Johannes Scott, May 2023.


Under the auspices of the Union of South Africa, J H Pierneef’s Station Panels installation was commissioned in 1929 for the 1932 inauguration of Johannesburg Park Station. In 1935, Pierneef received The Medal for Visual Arts for acclaimed public reception – the artwork hung in the public railway concourse for decades. The 32 landscape paintings depict scenes of unimaginable beauty, intended to introduce the station as gateway of desire to distant and exotic spaces mediated by the far-reaching conduits of the Southern African railway network.


There is something mysterious and enduring about this artwork that, for nearly a century now, has lured seizure by several ideologies. After the apartheid regime took power in 1948, the station concourse was segregated and the Afrikaner Bond (National Party) appropriated Station Panels as emblem for “Ons Land” (connoting, white Afrikaners seized the land of desire). By the time Station Panels were dismantled, and after democratisation in 1994, the artwork became a political point of reference for decolonisation. In 2010, Ulrika Flink commented that the artwork has been “described as a dehistoricised, dehumanized outsider’s view of territory, offering an untouched land available to explore, conquer and control.”


In 2012, two South African artists, Monique Pelser and Carl Becker, staged an exhibition to ‘rescue’ the memory of Pierneef’s Station Panels. Independently, they set out to find the original, geographical vantage points from where Pierneef sourced the scenery, and to show how time has changed these views. Dr Gerhard Schoeman, in the introduction to their exhibition catalogue titled Our Land | Ons Land, alludes to the artists as searching for the ghost of Pierneef that haunts them.


In the artist statement, Becker says he was unsuccessful in finding these source locations of domesticated nature bathed in the same light as 17th century Dutch paintings. Pierneef was a liar because he distorted and shifted mountains, Becker claims, concluding, pertinently, that we have reason to be suspicious of Pierneef’s billowing clouds.


Pelser, on the other hand, recognises Pierneef’s work not as representation of natural earth, but instead, as constructed landscape – which she insists is an intellectual activity. She concludes that Pierneef’s uninhabited landscapes slip into the realm of phantasmagoria, similar to a Japanese genre of cartoons typically having fantasy themes. Pelser exhibited her photographs of Pierneef’s source locations as digital slideshow – shifting every five seconds, the play of light and shadow animates the scenery as pulsating earth.

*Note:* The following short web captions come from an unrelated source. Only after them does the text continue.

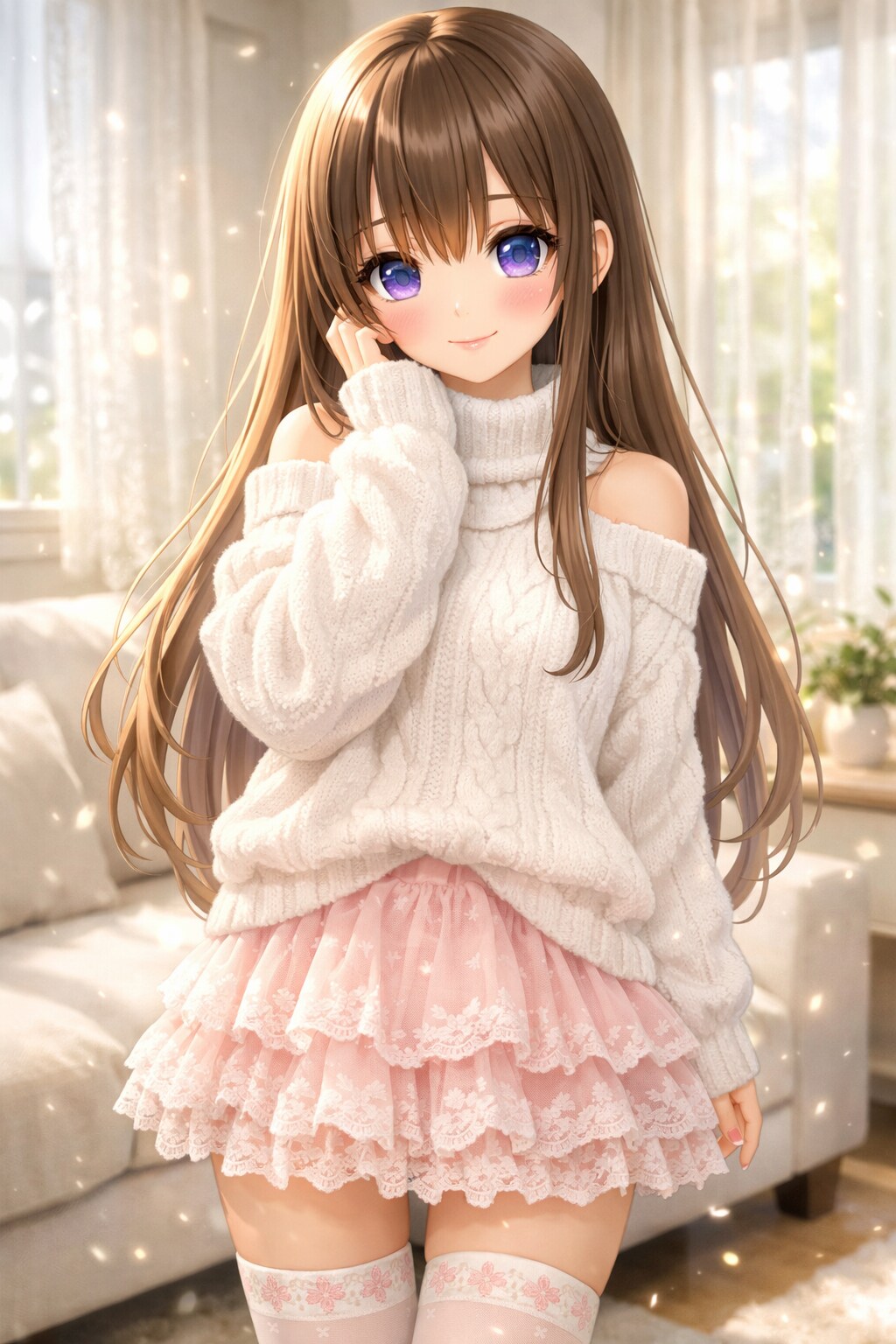 チュールレーススカート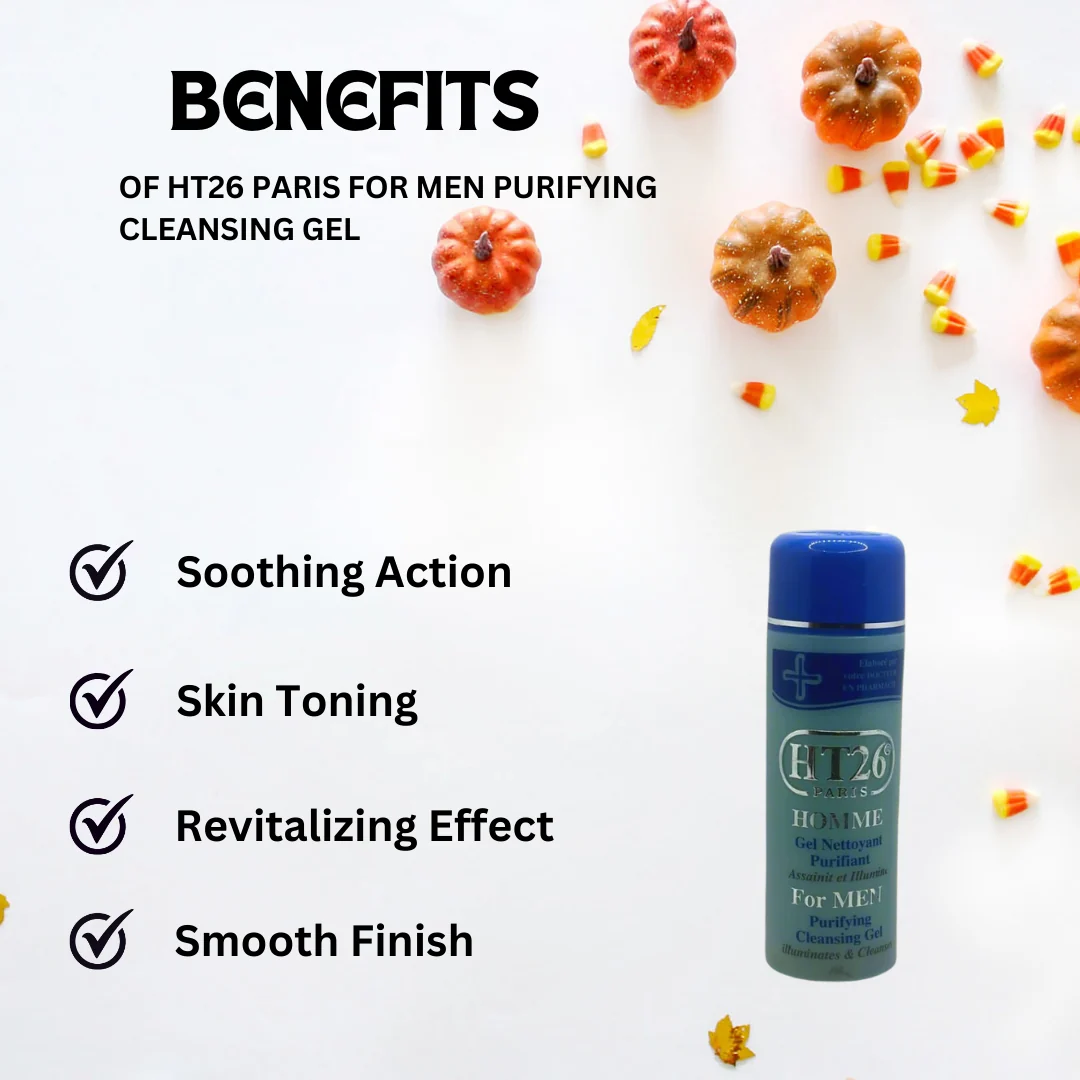 HT26 Paris For Men Purifying Cleansing Gel 16floz - Image 4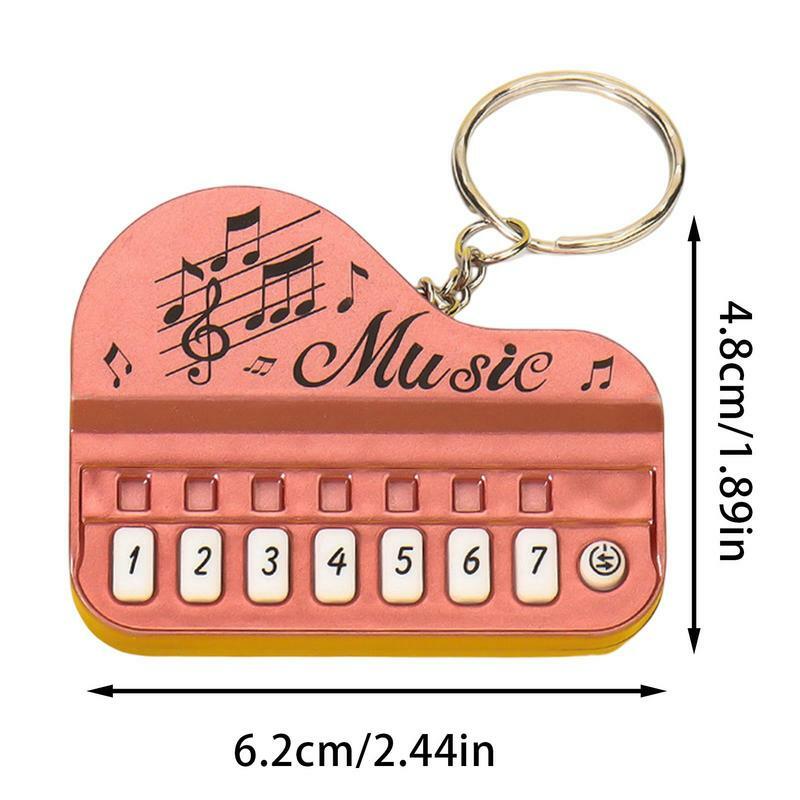 Piano Keychain Toy Electrical Luminous Piano Keyboard Keychain Toy Musical Instrument Keychain Toy Gift For Kids Piano Beginners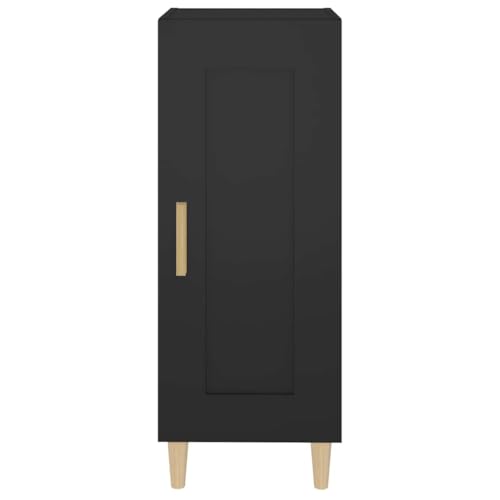Tablero alto de madera negro con compartimentos internos para pasillos 7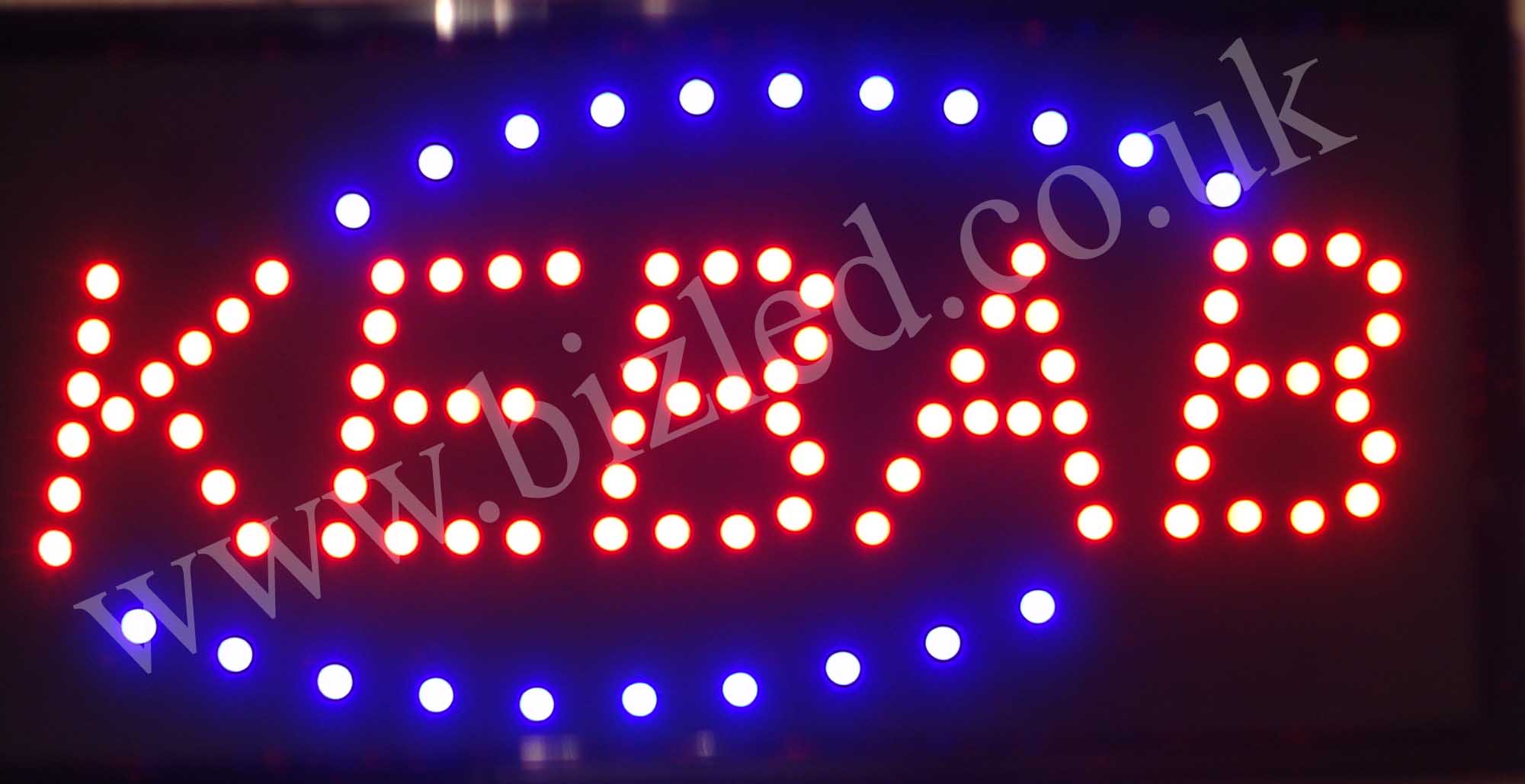 2 mode Flashing KEBAB led new window Shop signs
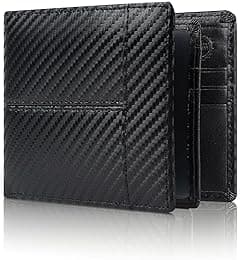 Mens Wallet RFID Genuine Leather Bifold Wallets For Men, ID Window 16 Card Holders Gift Box - Amazon.ae Price Tracker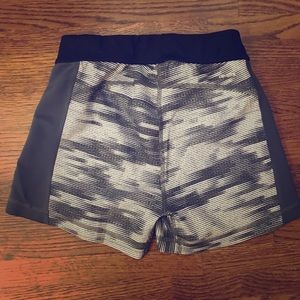 Adidas grey black and white workout shorts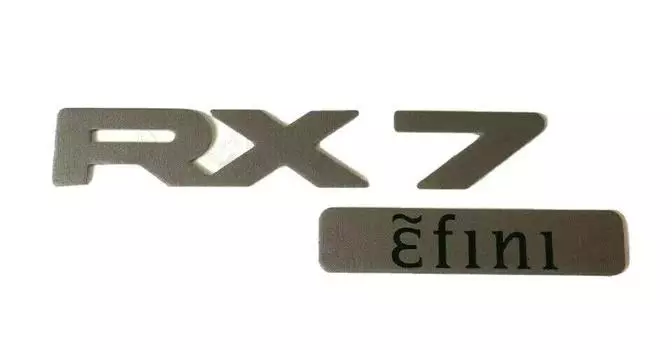 Mazda Rear Side Silver RX-7 Efini Emblem Decal Sticker F100-51-711C OEM Genuine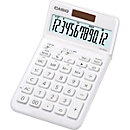 Casio Tischrechner JW-200 SC, 12-stelliges BIG LC-Display, Solar-/Batteriebetrieb, weiß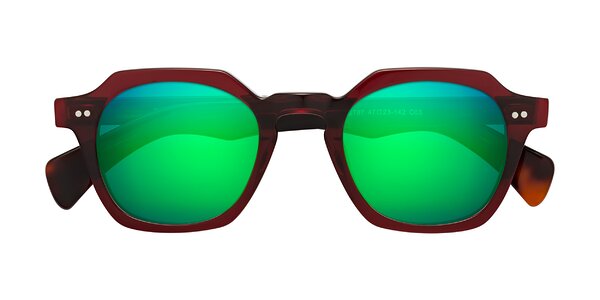 Front of Beckett in Wine/Tortoise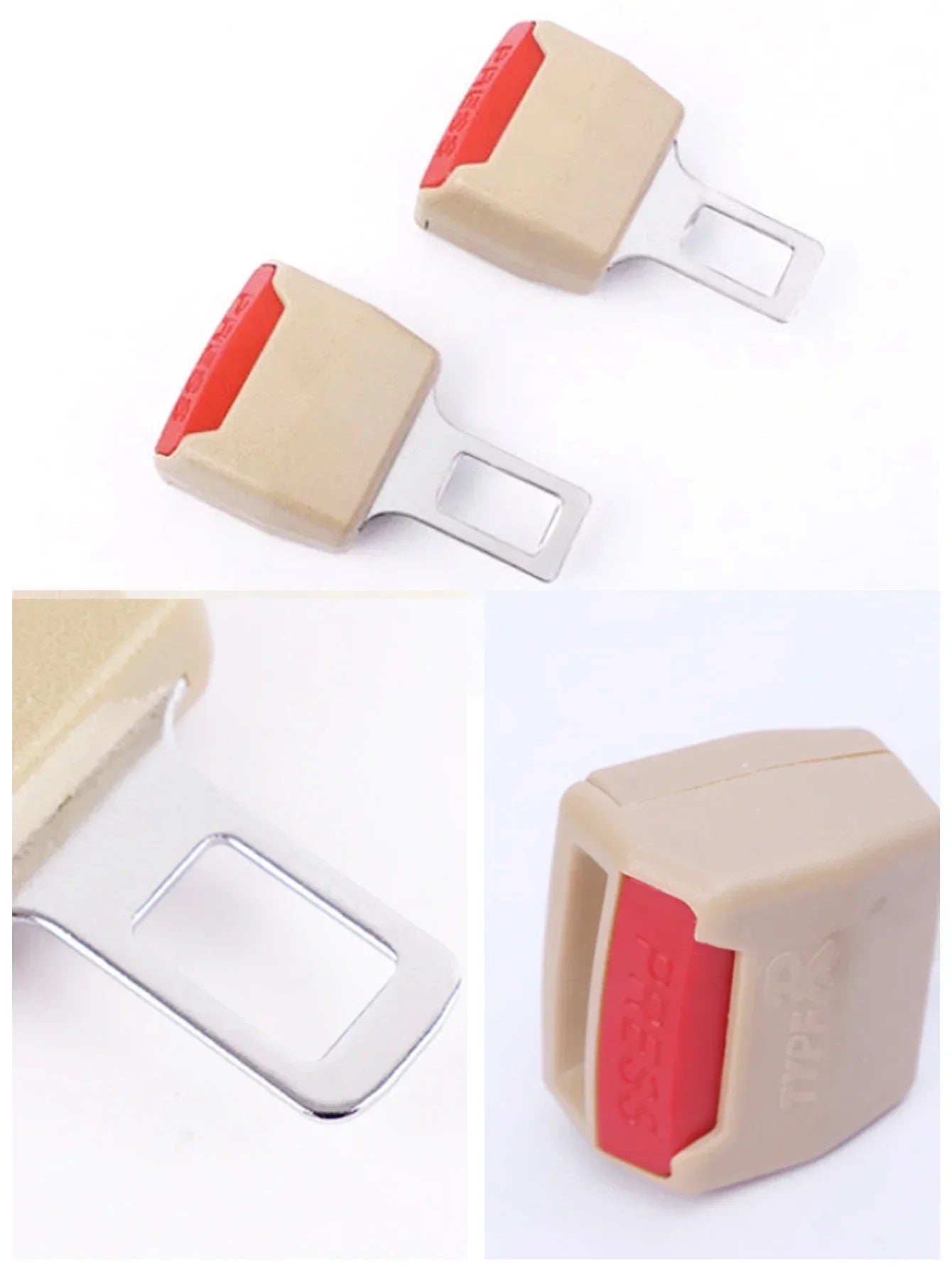 2PC Car Seat Belt Clip Extender Safety Seatbelt Lock Buckle Plug Thick Insert Socket Extender Safety Buckle Seat Belt Accessorie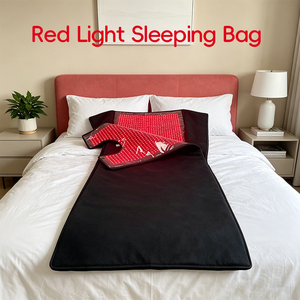 Couverture de luminothérapie rouge de qualité médicale REDSKY, tapis de thérapie corporelle complète, sac de couchage 650nm 850nm pour usage domestique, équipement de beauté et de soulagement de la douleur - Product Image 1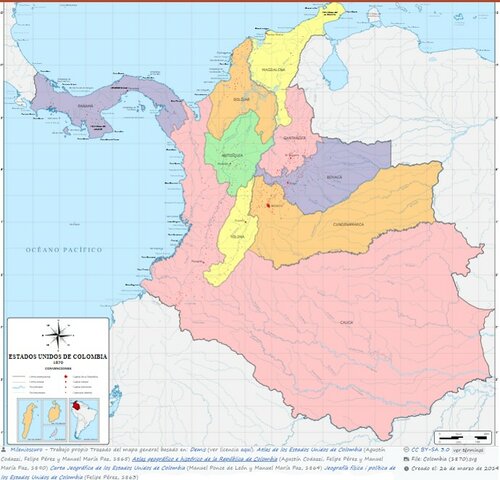 Estados unidos de Colombia.
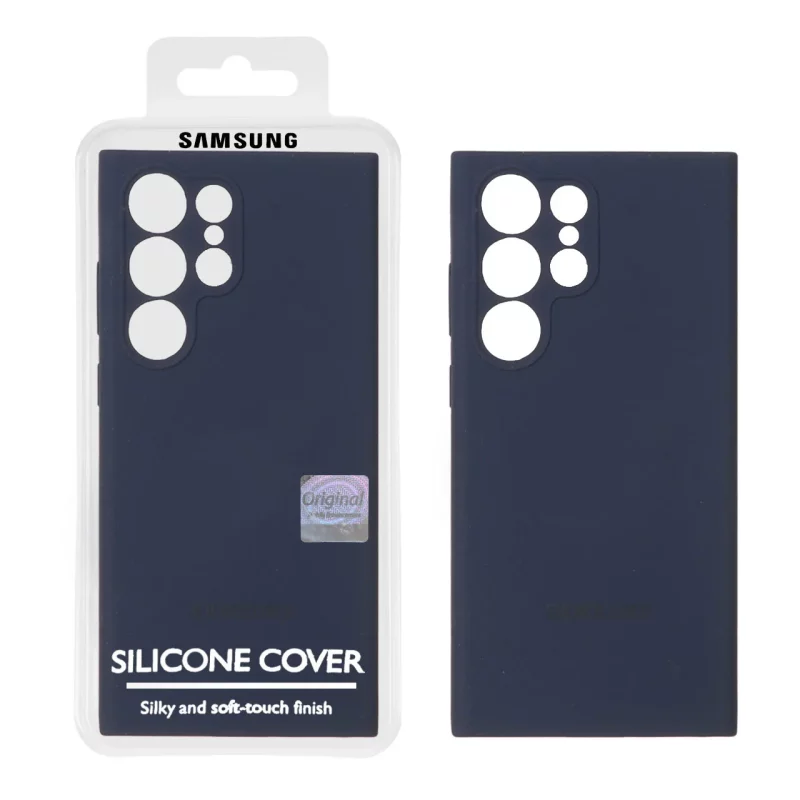 قاب سیلیکونی پاک کنی اورجینال Master Quality مدل Samsung Galaxy S23 Ultra - سرمه ای (پک دار) - تصویر 2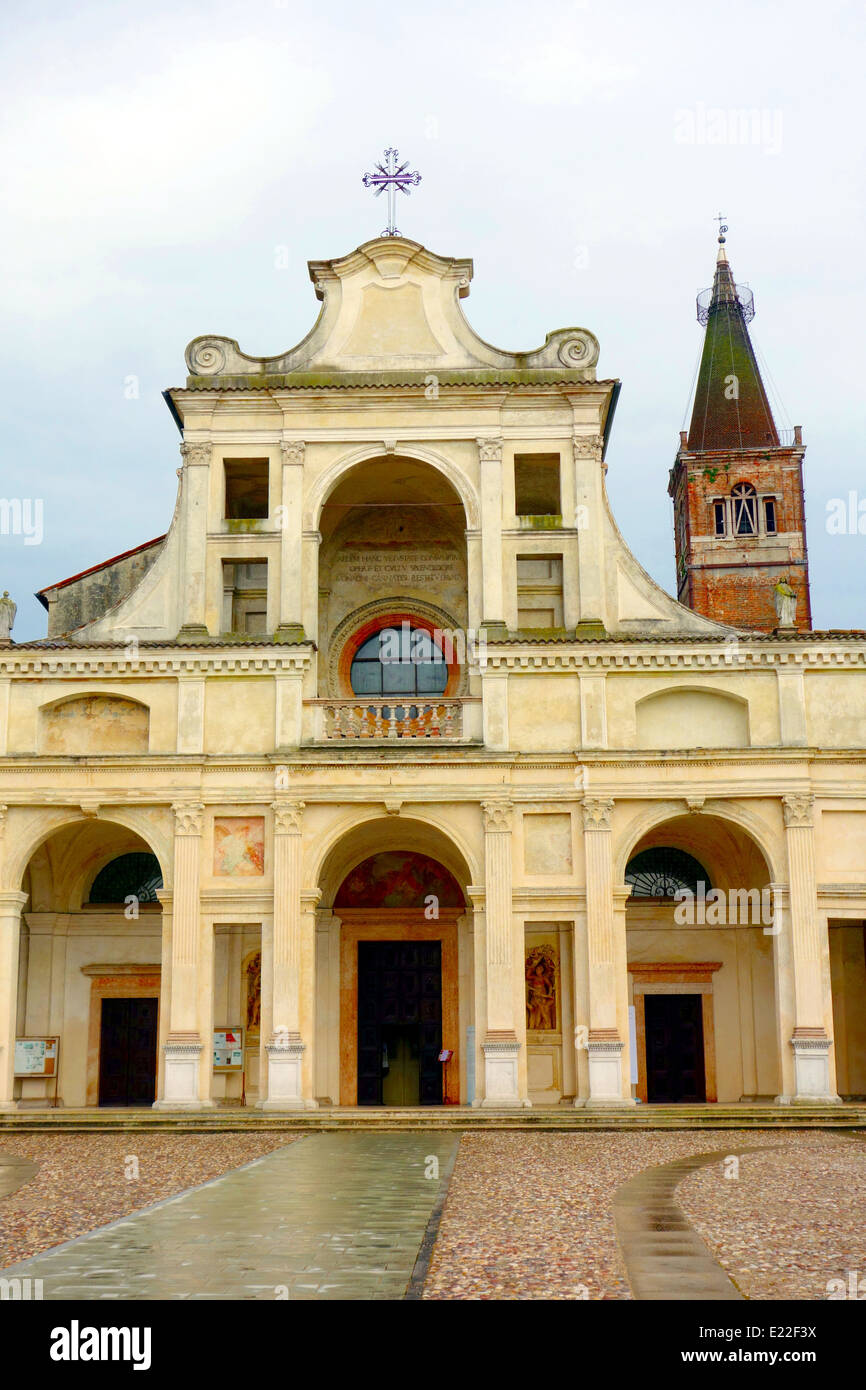 Polirone Abbey im Zentrum von San Benedetto Po, Italien Stockfoto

On public view at its current setting at the Rupert Museum in Stellenbosch, it is time to re-imagine our aesthetic perspective on Pierneef’s Station Panels. For this endeavour, nothing can be more appropriate than theoretical psychoanalysis. To be more specific, we do not need a psychobiography on the artist, instead, we must analyse the artwork in relation to symbolic order. For contemporary ecocritical context, one can follow the lead of the curatorial direction for the 2024 Manifesto Barcelona, where natural resources such as mountains, sea, and rivers will set the scene for ecological transformation.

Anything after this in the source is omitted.